━━ Data provided
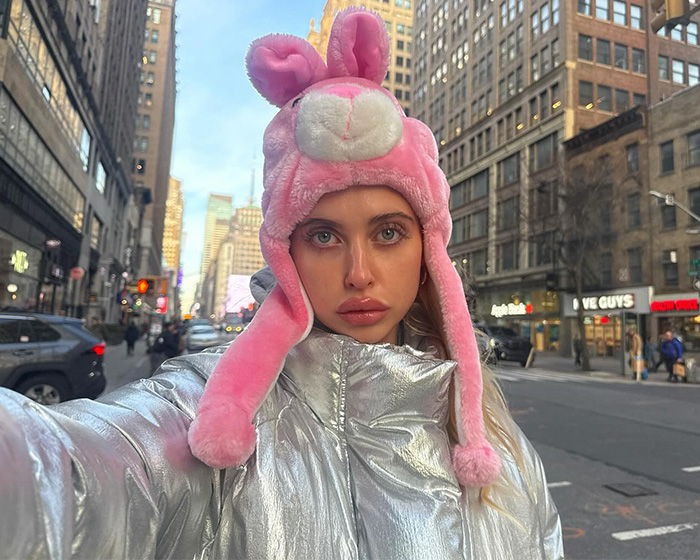Woman wearing pink bunny hat and silver jacket showcasing lip filler results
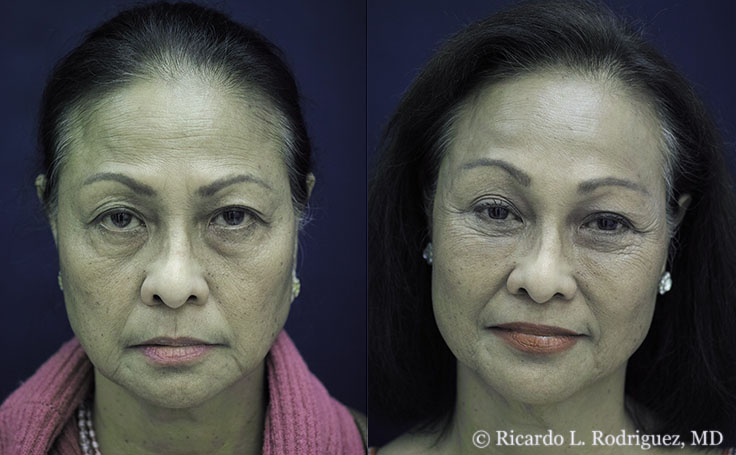 Real patient after brow lift and facial fat transfer by Dr. Ricardo Rodriguez in Baltimore
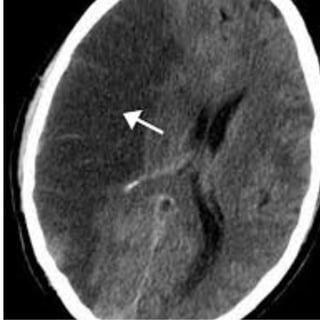 A stroke may damage the tissue that produces obstruction CSF or block the flow of CSF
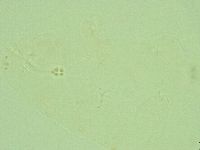 Hebesuncus conjungens image
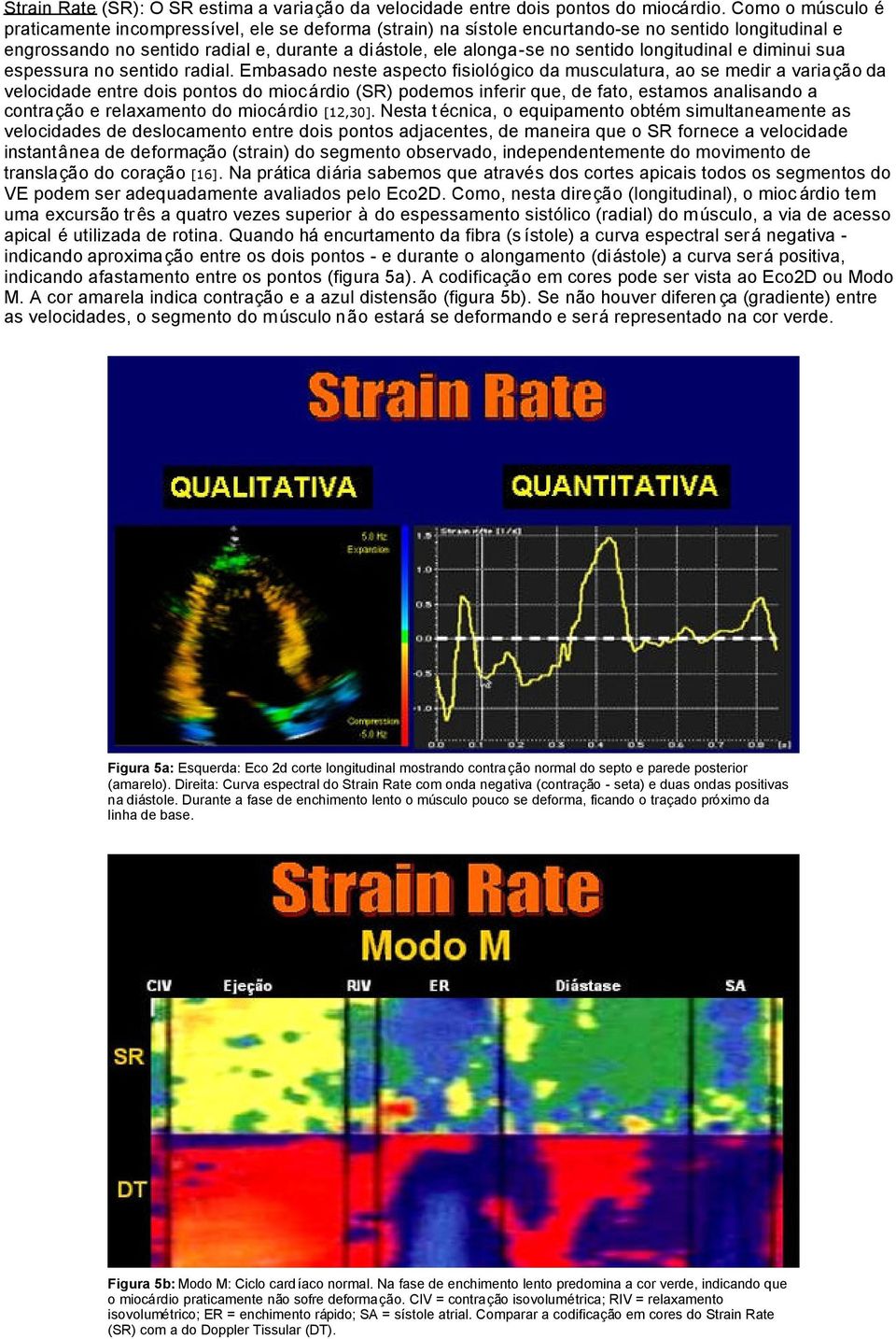 longitudinal e diminui sua espessura no sentido radial.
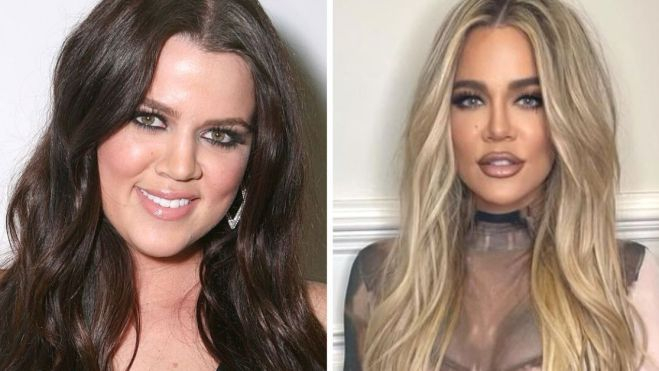 El antes y después de Khloé Kardashian El antes y después de Khloé Kardashian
━━━━
Your assignment:
Output every entry exactly as given; pictures are not part of the copy.

Output for this exercise:
Woman wearing pink bunny hat and silver jacket showcasing lip filler results
 Real patient after brow lift and facial fat transfer by Dr. Ricardo Rodriguez in Baltimore
 A stroke may damage the tissue that produces obstruction CSF or block the flow of CSF
 Hebesuncus conjungens image
 longitudinal e diminui sua espessura no sentido radial.
 El antes y después de Khloé Kardashian El antes y después de Khloé Kardashian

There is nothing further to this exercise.